(THE DATA Opens)

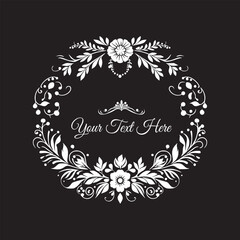 floral frame elements for text decoration in black and white flat style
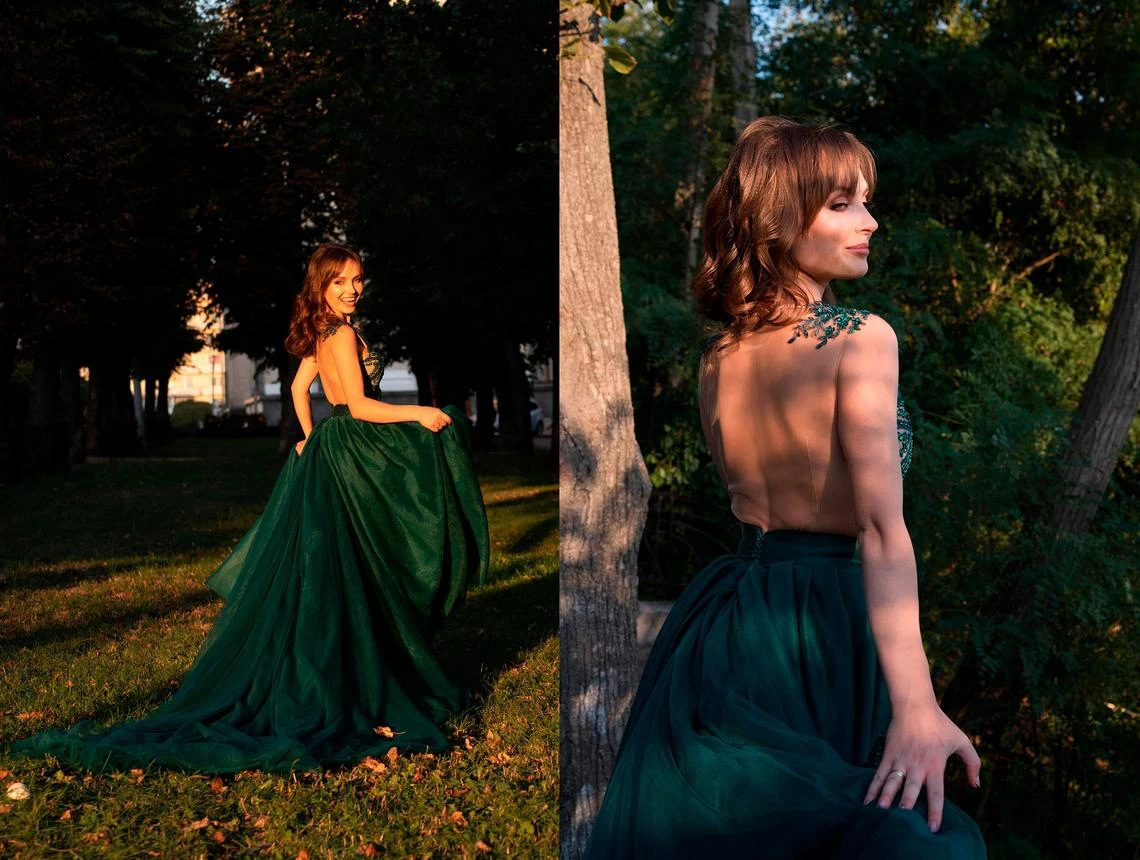 Emerald Green Tulle Wedding Dress See-Through Backless Prom Dress With Train Dark Green Beaded Formal Custom Evening Dresses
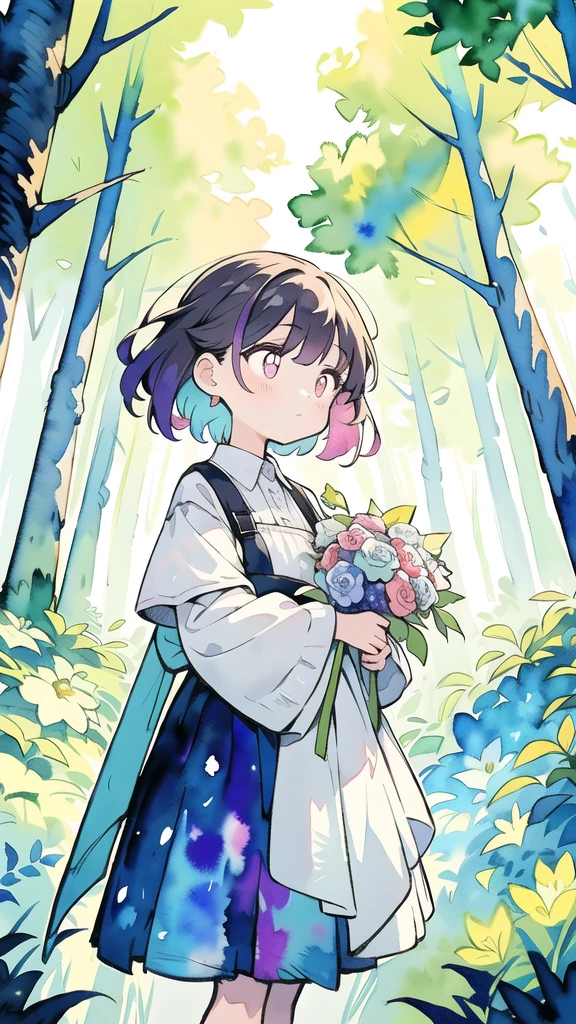 masterpiece, best quality, girl with bouquet, empty pupils, ethereal magical atmosphere, forest, unique, peaceful, colorful, (watercolor \(medium\), drawing, IrisCompiet:1.2),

(THE DATA Closes)

__INSTRUCTIONS TO FOLLOW__.
Set down every line above exactly, pictures excluded.

__ANSWER SPACE__.
 floral frame elements for text decoration in black and white flat style
 Emerald Green Tulle Wedding Dress See-Through Backless Prom Dress With Train Dark Green Beaded Formal Custom Evening Dresses
 masterpiece, best quality, girl with bouquet, empty pupils, ethereal magical atmosphere, forest, unique, peaceful, colorful, (watercolor \(medium\), drawing, IrisCompiet:1.2),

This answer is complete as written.